Look back in Angus at HMS Montrose’s career through new museum display

Topic: Fighting armsSurface Fleet Storyline: Museums

Residents of the Scottish coastal town of Montrose have a permanent reminder of their naval links.

The arrival of the bell from HMS Montrose, the veteran Type 23 frigate, completes the memorial display to the ship in her namesake community.
Throughout her 30-year operational career, the Devonport ship maintained regular contact with her namesake town and the wider Angus community, calling in on the small east coast port whenever her programme allowed.

Some 5,000 local residents filed aboard the ship on the frigate’s farewell visit in March last year.

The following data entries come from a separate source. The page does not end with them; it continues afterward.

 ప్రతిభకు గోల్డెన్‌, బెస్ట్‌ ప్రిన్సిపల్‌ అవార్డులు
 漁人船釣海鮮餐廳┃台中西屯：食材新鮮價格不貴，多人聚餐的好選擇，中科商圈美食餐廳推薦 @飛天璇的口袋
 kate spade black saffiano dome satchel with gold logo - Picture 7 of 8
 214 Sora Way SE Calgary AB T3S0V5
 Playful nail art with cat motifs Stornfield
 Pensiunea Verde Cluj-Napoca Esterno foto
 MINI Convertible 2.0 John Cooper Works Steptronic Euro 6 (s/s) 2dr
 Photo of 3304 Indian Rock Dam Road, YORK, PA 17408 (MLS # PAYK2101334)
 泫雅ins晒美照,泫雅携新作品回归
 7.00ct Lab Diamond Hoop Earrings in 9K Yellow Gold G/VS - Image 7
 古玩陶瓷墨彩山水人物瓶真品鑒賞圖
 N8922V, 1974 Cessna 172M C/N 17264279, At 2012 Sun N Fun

Since then the ship has been decommissioned, stripped of what might be re-used elsewhere in the Fleet, especially the Type 23 flotilla, while objects of no military but of tremendous sentimental value were offered to the ship’s company and those connected with HMS Montrose down the years.

No object is more iconic on any ship than her bell – it’s the items divers seek to recover from wrecks to prevent them falling into the hands of unscrupulous souvenir hunters.

Thankfully no such threat was posed in this case: it just took a request from RN veteran David Moxey via Angus MP David Doogan … and the RN agreed to loan the bell as centrepiece of an exhibition which also features frigate’s nameplate, White Ensign and a scale model of F236.

The display was unveiled by Mr Doogan and the RN’s Regional Commander for Scotland and Northern Ireland, Brigadier Andy Muddiman, his Chief of Staff at Navy headquarters Commander Morgan McDonald, local VIPs, Provost Brian Boyd, Royal Navy and Royal Marines veterans and Gary Wilson who served aboard HMS Montrose while she was deployed to Bahrain.

The frigate clocked up some 400,000 miles under the White Ensign on her patrols around the globe, spending the final years of her extensive career on an extended deployment in the Gulf/Middle East, proving particularly successful at intercept drug runners as part of a wider maritime security mission.

The display can be seen in the rather imposing Montrose Museum – one of the oldest purpose-built museums in Scotland – in Panmure Place, Fridays through to Mondays, 10.30am-4pm. Entry is free.